This from P T Forsyth, a wee book of reprinted articles, The Preaching of Jesus and the Gospel of Christ, page 55
When I speak here about the preaching of the Cross of Christ, I mean ultimately the Cross itself as a preaching, as God's 'preachment' which gave Christian preaching birth, made it inevitable, prolonged itself in it, and provided its perpetual note. As God's preaching of Himself in the Cross was an act, the act of giving Himself, so all true preaching of it is an act also, and more than speech only. It is a devoted act of the preacher's personality, conveying God in His grace and self donation. It is not merely exhibiting Him. It is sacramental.
Against all forced or habitual informality in worship
against all thumbing down and dumbing down of the preacher's role
against web sourced anecdotes, and power point aides memoires
against every attemtpted reduction of vast Gospel realities to the pragmatics and pressures of relevance
against the consumer demand for undemanding uncomplicated 'how to' teaching
against the habits of superficiality and the reduced appetite for sacrifice and cost and passionate love of the Crucified.

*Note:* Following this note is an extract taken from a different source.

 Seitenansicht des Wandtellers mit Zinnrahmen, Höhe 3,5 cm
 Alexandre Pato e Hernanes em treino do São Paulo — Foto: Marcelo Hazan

against anaemic concessions to surface skimming communication
P T Forsyth presents the soul and calling of the preacher,
and insists the Gospel of the Cross is worthy of our deepest pain,
requires the greatest reaches of imagination and emotion,
and consumes the devotion of the preacher's heart
in the context of a community where awe, surrender and passion
draw on the great Passion of Christ,
and inspires a discipleship of uncalculating, self-donating devotion.